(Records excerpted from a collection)
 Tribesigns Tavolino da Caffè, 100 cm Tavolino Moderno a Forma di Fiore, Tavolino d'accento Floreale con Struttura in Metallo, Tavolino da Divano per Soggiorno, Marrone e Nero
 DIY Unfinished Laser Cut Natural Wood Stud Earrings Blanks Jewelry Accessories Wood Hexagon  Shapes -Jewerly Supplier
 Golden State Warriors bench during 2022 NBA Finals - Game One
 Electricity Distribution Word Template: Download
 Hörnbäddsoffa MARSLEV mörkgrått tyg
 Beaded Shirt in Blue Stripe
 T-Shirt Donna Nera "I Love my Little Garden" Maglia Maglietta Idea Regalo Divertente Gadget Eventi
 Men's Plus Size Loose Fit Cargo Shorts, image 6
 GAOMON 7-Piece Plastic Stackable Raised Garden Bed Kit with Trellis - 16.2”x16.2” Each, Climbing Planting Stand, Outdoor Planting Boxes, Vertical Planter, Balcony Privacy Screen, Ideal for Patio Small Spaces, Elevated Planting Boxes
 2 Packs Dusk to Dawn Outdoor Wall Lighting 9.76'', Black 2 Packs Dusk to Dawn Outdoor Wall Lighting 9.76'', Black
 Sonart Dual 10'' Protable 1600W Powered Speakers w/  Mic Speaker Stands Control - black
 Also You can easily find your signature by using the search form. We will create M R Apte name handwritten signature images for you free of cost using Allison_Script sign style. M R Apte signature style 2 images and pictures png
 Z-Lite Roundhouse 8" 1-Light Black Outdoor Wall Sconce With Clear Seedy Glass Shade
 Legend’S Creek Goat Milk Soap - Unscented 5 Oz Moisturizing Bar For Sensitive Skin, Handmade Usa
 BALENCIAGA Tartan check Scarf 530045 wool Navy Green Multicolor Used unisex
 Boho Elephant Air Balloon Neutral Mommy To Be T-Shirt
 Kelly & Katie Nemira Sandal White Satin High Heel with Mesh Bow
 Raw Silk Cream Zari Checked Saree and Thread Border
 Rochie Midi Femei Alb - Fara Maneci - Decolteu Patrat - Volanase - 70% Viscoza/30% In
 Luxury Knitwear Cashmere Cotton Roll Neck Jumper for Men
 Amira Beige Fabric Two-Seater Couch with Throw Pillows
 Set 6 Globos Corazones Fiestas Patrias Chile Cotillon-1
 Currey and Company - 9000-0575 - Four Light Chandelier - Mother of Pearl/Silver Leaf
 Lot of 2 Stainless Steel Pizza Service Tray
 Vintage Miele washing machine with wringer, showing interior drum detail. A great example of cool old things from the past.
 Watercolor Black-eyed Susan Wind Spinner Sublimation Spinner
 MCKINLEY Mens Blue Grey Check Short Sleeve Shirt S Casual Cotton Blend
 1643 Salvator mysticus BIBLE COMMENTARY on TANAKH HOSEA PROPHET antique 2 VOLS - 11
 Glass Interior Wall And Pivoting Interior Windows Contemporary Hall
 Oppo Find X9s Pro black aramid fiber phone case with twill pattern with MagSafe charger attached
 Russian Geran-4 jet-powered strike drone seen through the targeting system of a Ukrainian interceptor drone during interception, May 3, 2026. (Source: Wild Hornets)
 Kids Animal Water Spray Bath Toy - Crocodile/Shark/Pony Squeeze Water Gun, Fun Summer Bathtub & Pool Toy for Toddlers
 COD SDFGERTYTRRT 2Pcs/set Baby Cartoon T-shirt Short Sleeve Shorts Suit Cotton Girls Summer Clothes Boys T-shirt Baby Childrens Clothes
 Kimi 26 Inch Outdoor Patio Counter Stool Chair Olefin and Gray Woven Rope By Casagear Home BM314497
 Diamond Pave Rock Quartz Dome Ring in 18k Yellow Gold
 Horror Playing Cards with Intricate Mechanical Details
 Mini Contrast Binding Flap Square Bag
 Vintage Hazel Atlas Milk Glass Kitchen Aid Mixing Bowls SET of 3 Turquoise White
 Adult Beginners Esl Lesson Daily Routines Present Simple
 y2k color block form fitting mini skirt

Assigned task - Your answer must be the lines from the first line of the records through the line containing "Lot of 2 Stainless Steel Pizza Service Tray", copied exactly.

Exercise answer -
 Tribesigns Tavolino da Caffè, 100 cm Tavolino Moderno a Forma di Fiore, Tavolino d'accento Floreale con Struttura in Metallo, Tavolino da Divano per Soggiorno, Marrone e Nero
 DIY Unfinished Laser Cut Natural Wood Stud Earrings Blanks Jewelry Accessories Wood Hexagon  Shapes -Jewerly Supplier
 Golden State Warriors bench during 2022 NBA Finals - Game One
 Electricity Distribution Word Template: Download
 Hörnbäddsoffa MARSLEV mörkgrått tyg
 Beaded Shirt in Blue Stripe
 T-Shirt Donna Nera "I Love my Little Garden" Maglia Maglietta Idea Regalo Divertente Gadget Eventi
 Men's Plus Size Loose Fit Cargo Shorts, image 6
 GAOMON 7-Piece Plastic Stackable Raised Garden Bed Kit with Trellis - 16.2”x16.2” Each, Climbing Planting Stand, Outdoor Planting Boxes, Vertical Planter, Balcony Privacy Screen, Ideal for Patio Small Spaces, Elevated Planting Boxes
 2 Packs Dusk to Dawn Outdoor Wall Lighting 9.76'', Black 2 Packs Dusk to Dawn Outdoor Wall Lighting 9.76'', Black
 Sonart Dual 10'' Protable 1600W Powered Speakers w/  Mic Speaker Stands Control - black
 Also You can easily find your signature by using the search form. We will create M R Apte name handwritten signature images for you free of cost using Allison_Script sign style. M R Apte signature style 2 images and pictures png
 Z-Lite Roundhouse 8" 1-Light Black Outdoor Wall Sconce With Clear Seedy Glass Shade
 Legend’S Creek Goat Milk Soap - Unscented 5 Oz Moisturizing Bar For Sensitive Skin, Handmade Usa
 BALENCIAGA Tartan check Scarf 530045 wool Navy Green Multicolor Used unisex
 Boho Elephant Air Balloon Neutral Mommy To Be T-Shirt
 Kelly & Katie Nemira Sandal White Satin High Heel with Mesh Bow
 Raw Silk Cream Zari Checked Saree and Thread Border
 Rochie Midi Femei Alb - Fara Maneci - Decolteu Patrat - Volanase - 70% Viscoza/30% In
 Luxury Knitwear Cashmere Cotton Roll Neck Jumper for Men
 Amira Beige Fabric Two-Seater Couch with Throw Pillows
 Set 6 Globos Corazones Fiestas Patrias Chile Cotillon-1
 Currey and Company - 9000-0575 - Four Light Chandelier - Mother of Pearl/Silver Leaf
 Lot of 2 Stainless Steel Pizza Service Tray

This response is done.